Problem to solve —
An exact copy of the listing is required, with its pictures removed.

Data below —
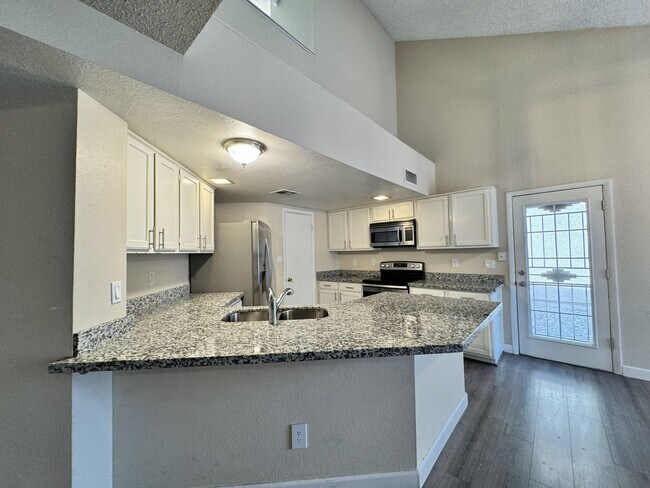 Building Photo - Great 3 bedroom 2 bath culdesac lot with f...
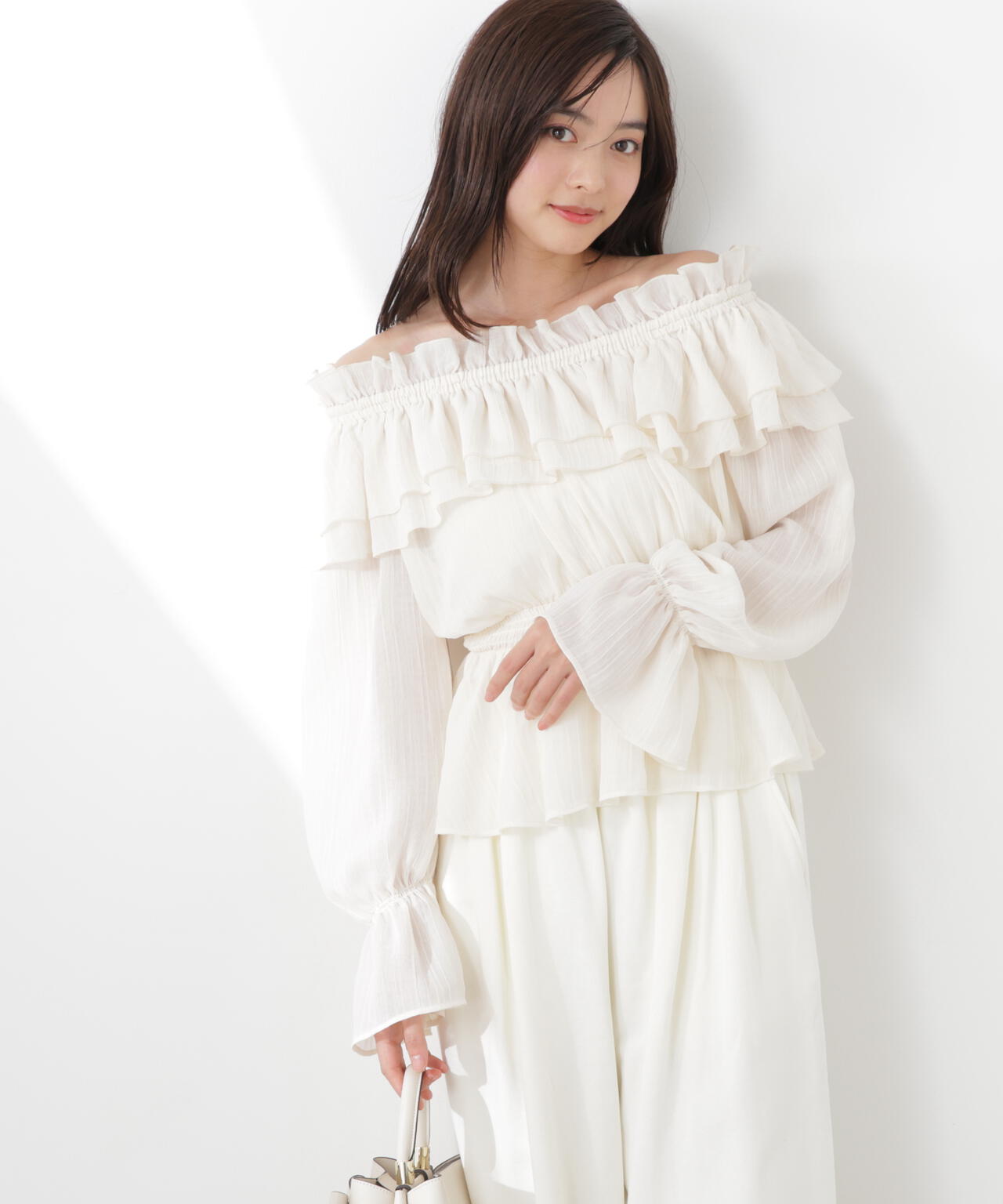 <ウォッシャブル>《EDIT COLOGNE》オフショルシアーシャーリングブラウス【WEB・一部店舗限定】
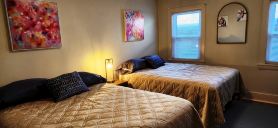 Charming 2-bedroom apartment with equipped kitchen and AC, in Cumberland, MD.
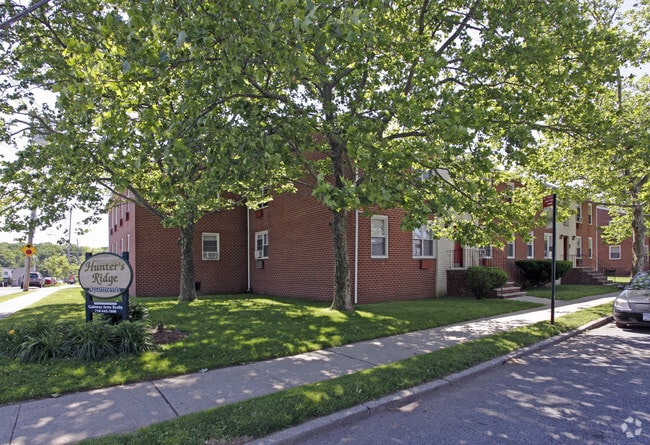 Primary Photo - Hunter's Ridge Apartments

Response box —
 Building Photo - Great 3 bedroom 2 bath culdesac lot with f...
 <ウォッシャブル>《EDIT COLOGNE》オフショルシアーシャーリングブラウス【WEB・一部店舗限定】
 Charming 2-bedroom apartment with equipped kitchen and AC, in Cumberland, MD.
 Primary Photo - Hunter's Ridge Apartments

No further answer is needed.